1931 yılında yazılmış olduğuna inanması pek güç olan, zamanının çok ötesinde bir bakış açısıyla özgürlük kavramınının göreceliğini sorgulayan roman.
görecelik bu romanda anahtar kelimedir. insanlar için yeni bir sistem önerir. bu sistemi de farklı bakış açılarına sahip birden fazla karakterin kişiliğini kullanarak, sistemin içinde ve dışında yaşadıkları deneyimler ile önümüze serer. bu sebeptendir ki okuyan insanlar arasında kitabın bir distopya mı, yoksa ütopya mı olduğu konusunda anlaşmazlıklar vardır.
romanı tanımlarken, neredeyse 90 sene öncesinin öngörüsü ile günümüz tüketim sistemlerine selam çakan, hali hazırda kullanmakta olduğumuz bir dizi teknolojiye de göz kırpan bilim kurgu yönünü es geçmek büyük bir hata olur.

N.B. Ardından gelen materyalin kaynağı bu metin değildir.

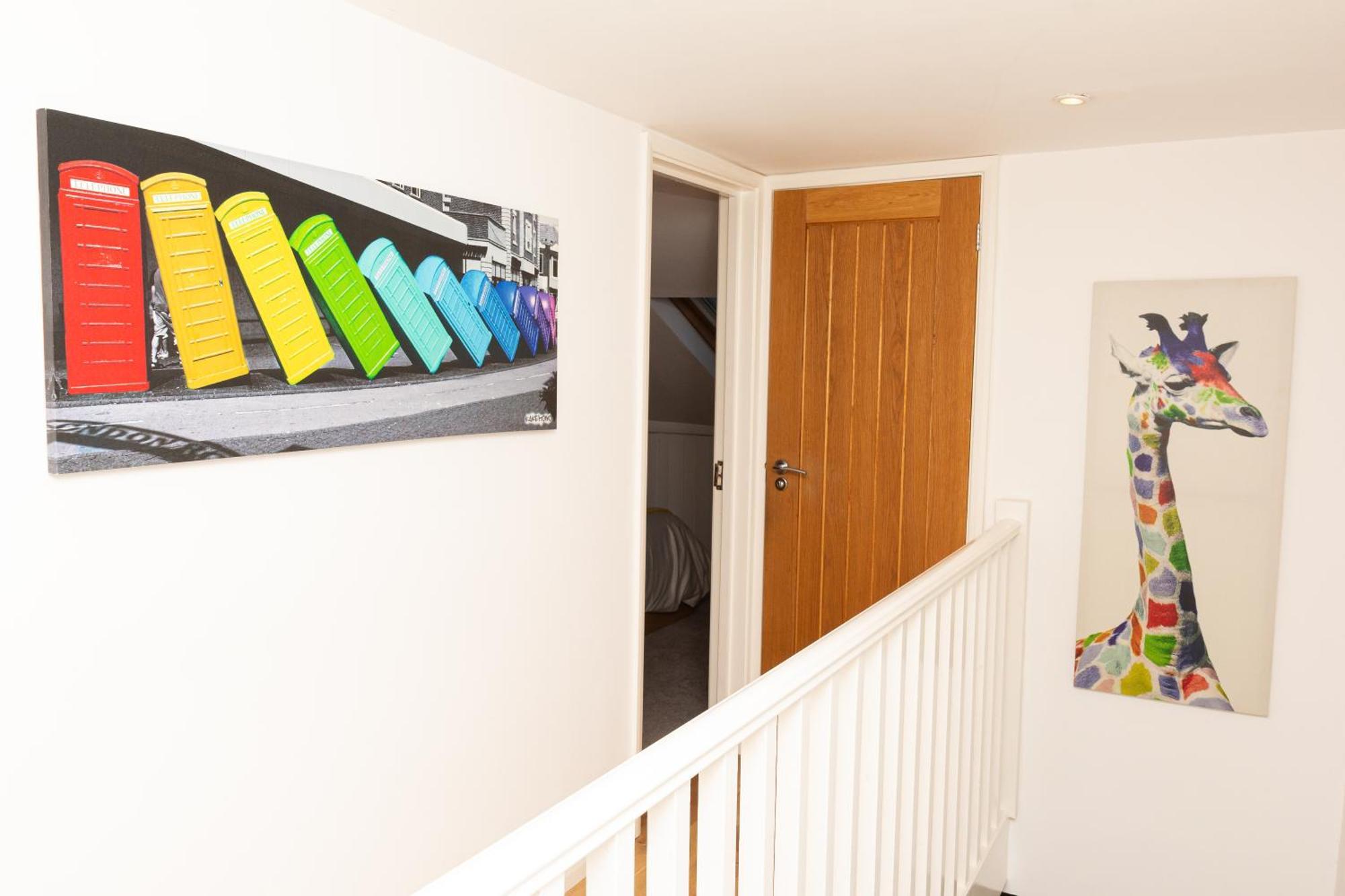 Modern 4 Bedroom Flat Near Station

kast sistemleri, kastlar içinde mutlu olmaya şartlanmış, mutlu yaşayan insanlar, sistemle uyumsuz yaşayan insanlar ve bu tip bir sistemi yönetenlerin nasıl bir mantığa sahip olabileceğini merak ediyorsanız okumanızı öneririm. heyecanlı, aksiyon dolu bir bilimkurgu beklentiniz varsa ya da derin bir edebi lezzet arıyorsanız kitabın size göre olmadığını söyleyebiliriz.